── Dataset section ──

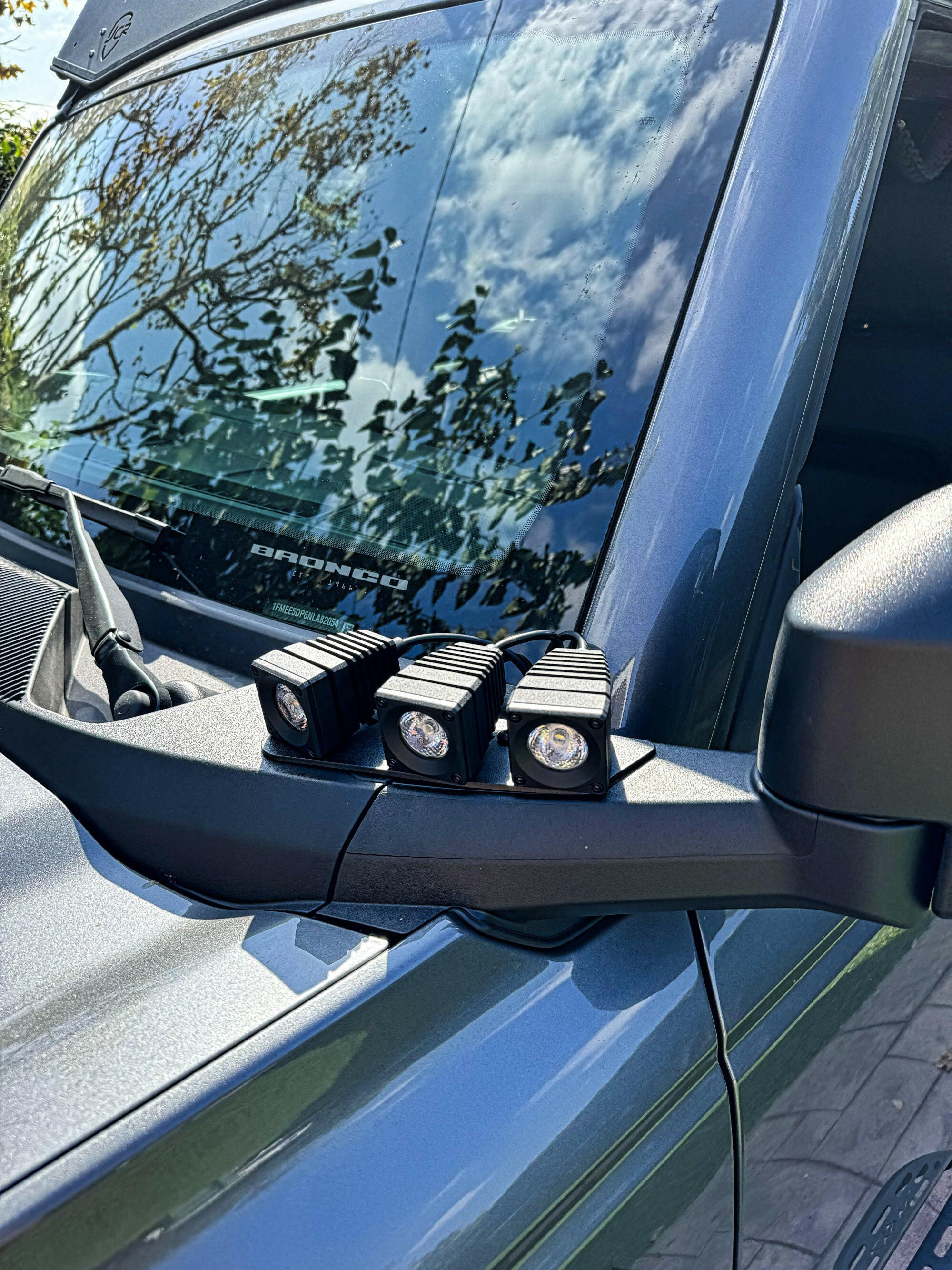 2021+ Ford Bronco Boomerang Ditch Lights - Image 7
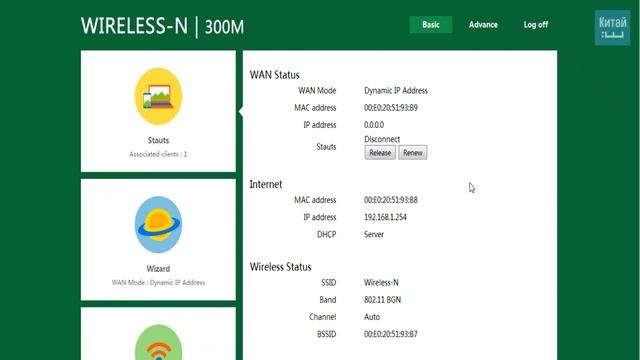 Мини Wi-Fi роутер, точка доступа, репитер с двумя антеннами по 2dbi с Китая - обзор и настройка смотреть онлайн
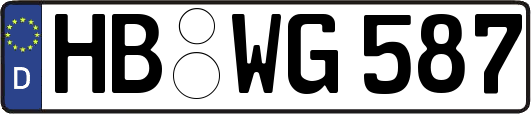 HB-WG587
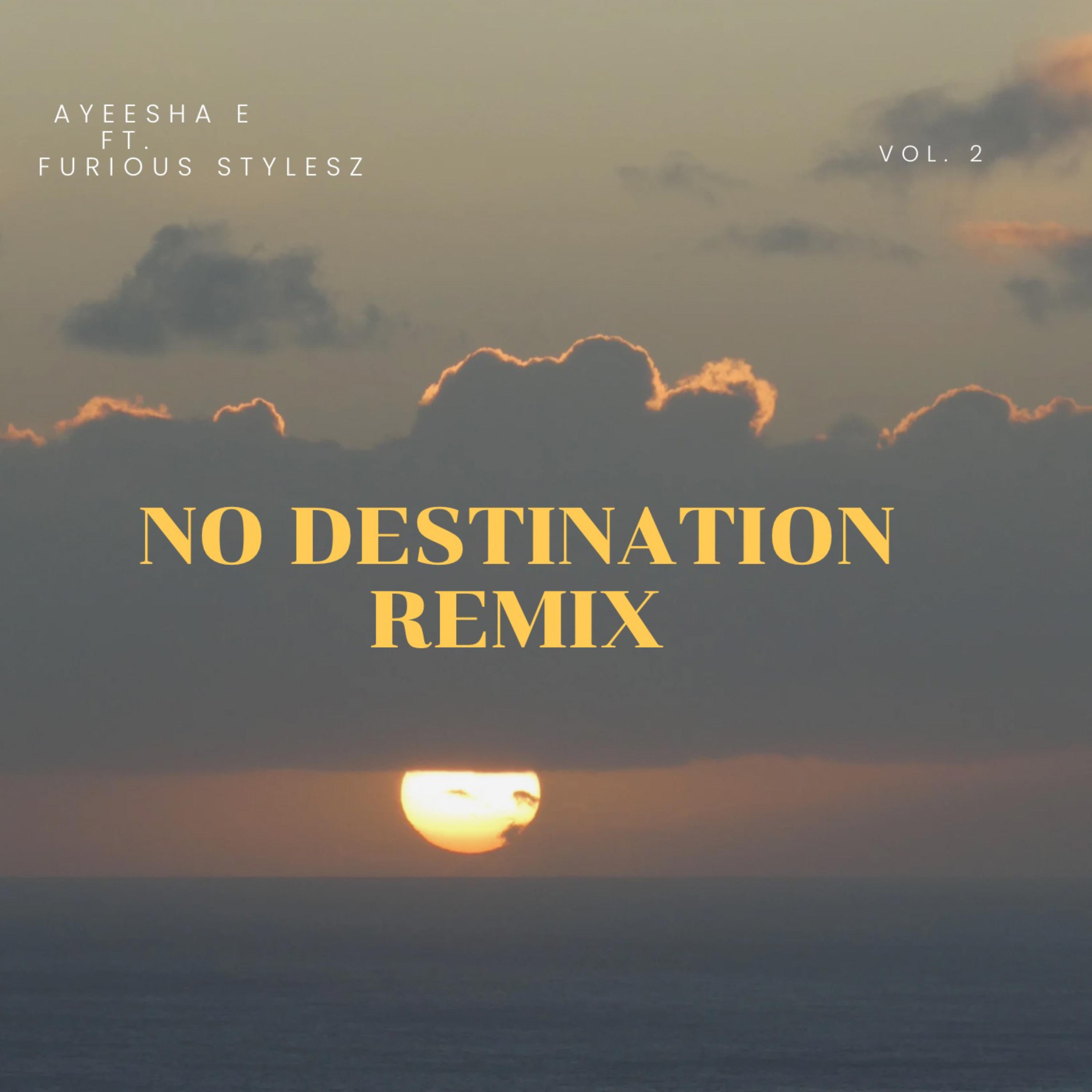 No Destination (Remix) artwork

───

◆ Required action
Excluding pictures, reproduce the listing above exactly as it stands.

◆ Solved exercise
 2021+ Ford Bronco Boomerang Ditch Lights - Image 7
 Мини Wi-Fi роутер, точка доступа, репитер с двумя антеннами по 2dbi с Китая - обзор и настройка смотреть онлайн
 HB-WG587
 No Destination (Remix) artwork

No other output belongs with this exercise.